Open karenetheridge opened this issue 11 years ago • 12 comments

Re http://www.nntp.perl.org/group/perl.modules/2013/05/msg85885.html --

Is there any way we can make PAUSE not think that this code means it should attempt to index a 'string' package?

https://metacpan.org/source/ETHER/Package-Variant-1.001004/lib/Package/Variant.pm#L34

Can we use something like Module::Metadata to parse the .pm to extract 'package' keywords?

karenetheridge avatar May 06 '13 23:05 karenetheridge

Does this fool Module::Metadata? If not, then either PAUSE should start to use M::M or at least it should use an equivalent regex.

In this particular case, looking for qr/$PACKAGE\s+$NAME(?:\s+$STRICT_VERSION)?\s*[;|{]/ or so ought to do it. I.e. find the trailing semicolon or brace opening.

David

dagolden avatar May 07 '13 00:05 dagolden

The traditional way to avoid PAUSE's regex is to put a newline between the words "package" and "string".

You can also add a no_index entry for the string package in your META.json/yaml.

Ideally PAUSE gets better, but those are your accepted workarounds for now.

tsibley avatar May 07 '13 00:05 tsibley

Thomas Sibley [email protected] writes:

The traditional way to avoid PAUSE's regex is to put a newline between the words "package" and "string".

You can also add a no_index entry for the string package in your META.json/yaml.

Ideally PAUSE gets better, but those are your accepted workarounds for now.

Don't forget: if the META file has the provides section it is honoured!

andreas

andk avatar May 07 '13 03:05 andk

The package hiding trick does not really work here because Karen's problem comes from PAUSE finding what it thinks is a package name in an error message inside a string. The workaround would not be have the string '\s+package\h+\w' anywhere in your code, even as data. People are not going to avoid doing that because they don't expect PAUSE to look in data for code.

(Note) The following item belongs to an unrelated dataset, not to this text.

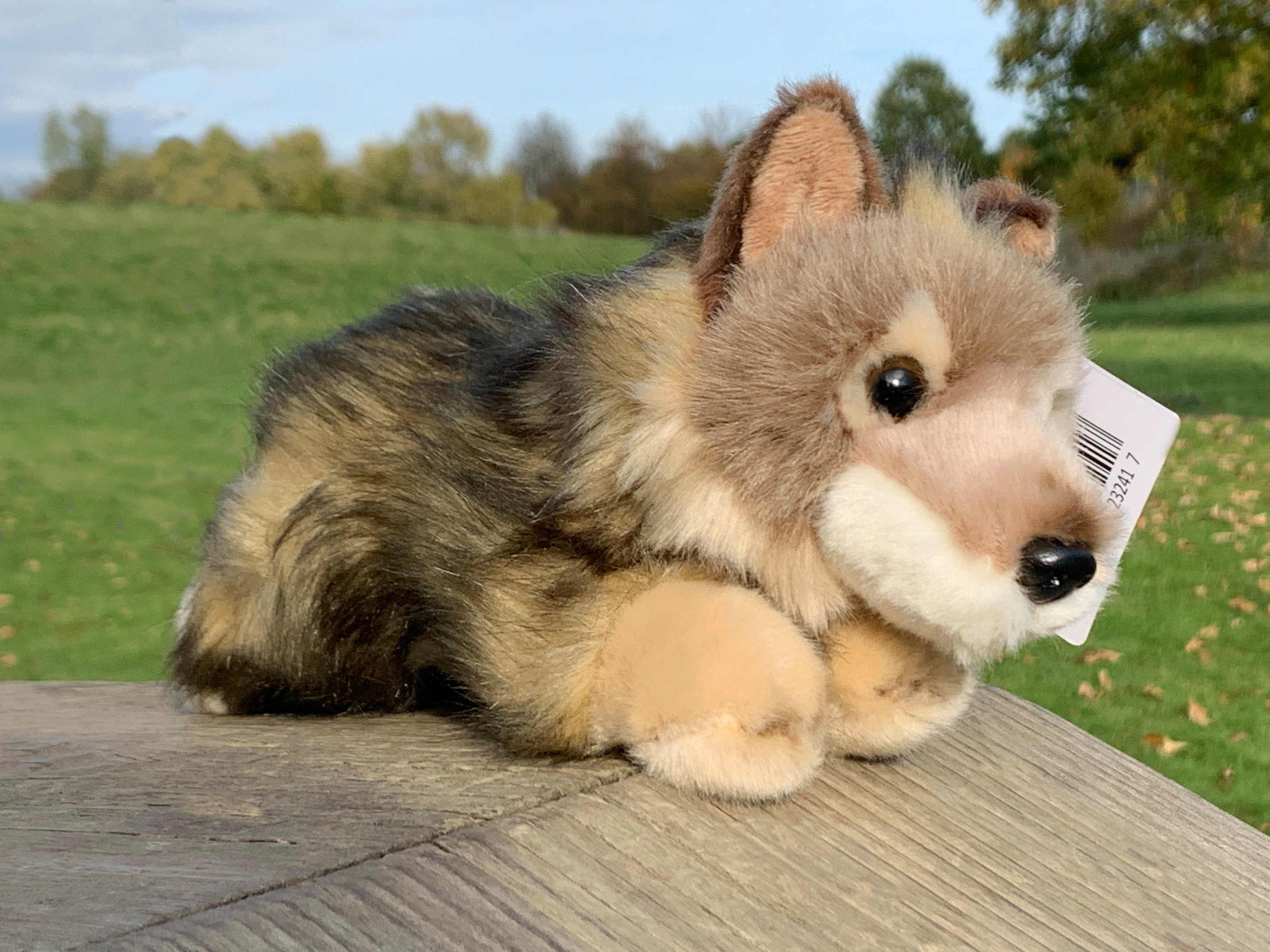 Uni-Toys Kuscheltier Wolf Junges, liegend - 24 cm (Länge) - Plüsch-Wolf - Plüschtier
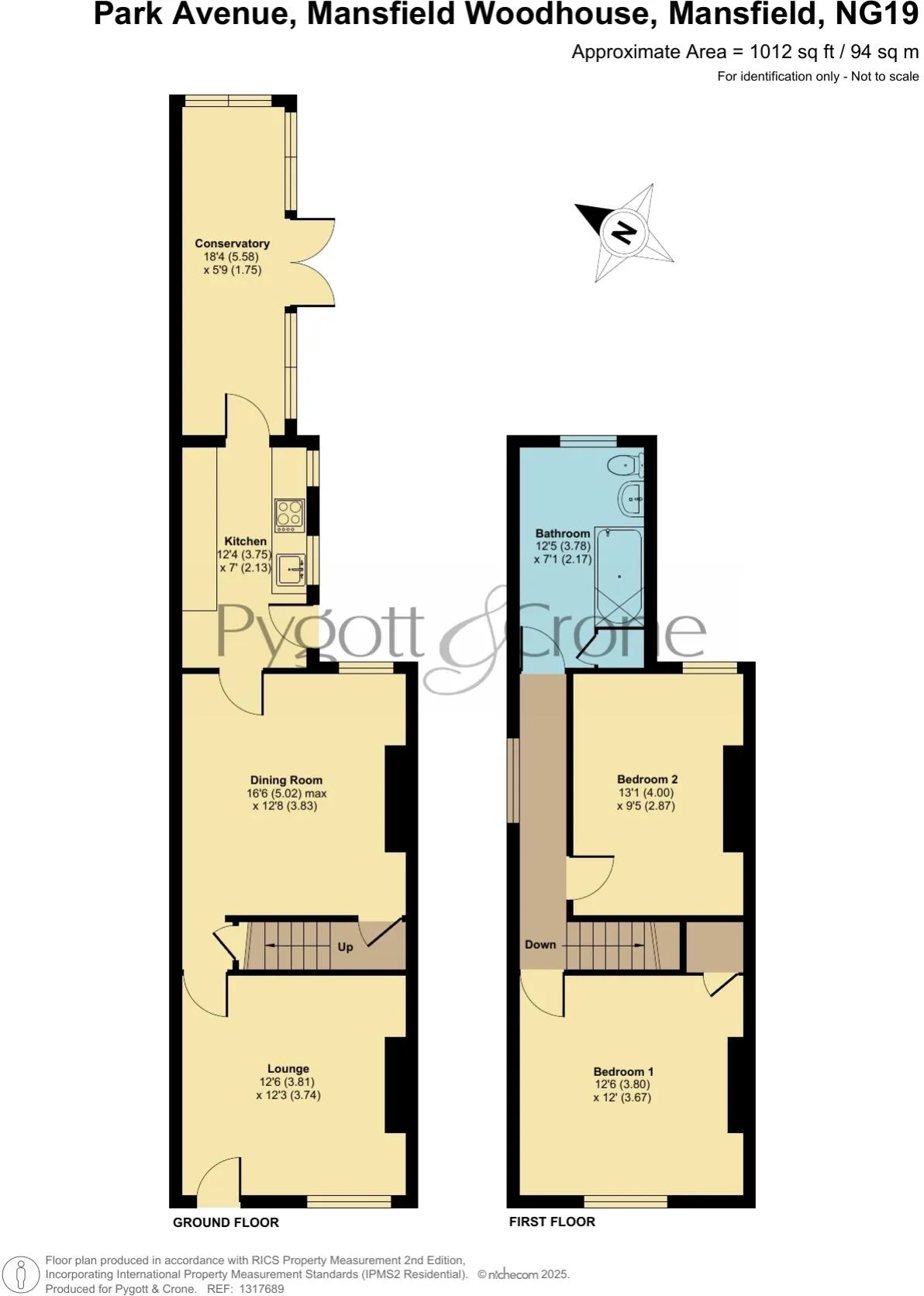 2 bed End of Terrace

briandfoy avatar May 07 '13 17:05 briandfoy

it appears it may be just a typo in PAUSE's regex. It already looks for end of line or the semicolon, as in @dagolden's suggested regex, but instead of also looking for an opening brace it looks for a closing brace (introduced in 786d9c9): https://github.com/andk/pause/blob/master/lib/PAUSE/pmfile.pm#L225

@karenetheridge's particular false negative should be fixed if that closing brace is flipped to an opening one.

tsibley avatar May 07 '13 18:05 tsibley

The closing brace happens to be legal, but I would argue that {...; package foo} isn't likely to be a useful Perl construct, so it more likely to be a false positive.

We're in a twisty maze of heuristics here.

David

dagolden avatar May 07 '13 19:05 dagolden

@karenetheridge I just took a look at Module::Metadata. It uses the same static analysis approach as PAUSE and its regex is broken in ways I don't think PAUSE is (doesn't parse multiple package statements on a single line, for example). To use it for PAUSE, it'd need to be brought up to parity. A unified set of heuristics for finding packages would be nice! (As long as the needs of PAUSE and Module::Metadata remain the ~same.)

tsibley avatar May 07 '13 21:05 tsibley

I'm not convinced that PAUSE is de facto "right".

package Foo; package Bar; package Baz;

How likely is this to show up in actual code? Only Baz is operative.

I have no objections to reconsidering PAUSE's heuristics if we think we can make them better.

In this case, looking for "package NAME" followed by trailing semi or open brace, (or "package NAME VERSION") seems more likely to catch a "real" package declaration and not just any occurrence of 'package XXX' in the file

dagolden avatar May 07 '13 22:05 dagolden

@dagolden I agree with you.

Multiple useful package statements on the same line are possible, but I'd guess unlikely except in automatically "minified" code:

package Foo; sub foo { print "foo" } package Bar; sub bar { print "bar" };

package main;
Foo->foo;
Bar->bar;

tsibley avatar May 07 '13 22:05 tsibley

And even those have trailing semicolons. (note sure if Module::Metadata or PAUSE yet detect multiple package statements on a line in any case)

dagolden avatar May 07 '13 22:05 dagolden

The semicolons don't matter. What I was noting is that Module::Metadata won't detect Bar in my example above (I tested it), but PAUSE will (or should, I didn't test but inspected regex and surrounding code). It's a matter of how the start of the regex is anchored in each.

tsibley avatar May 07 '13 22:05 tsibley

I'm just noting a difference between Module::Metadata and current PAUSE, should the latter start using the former.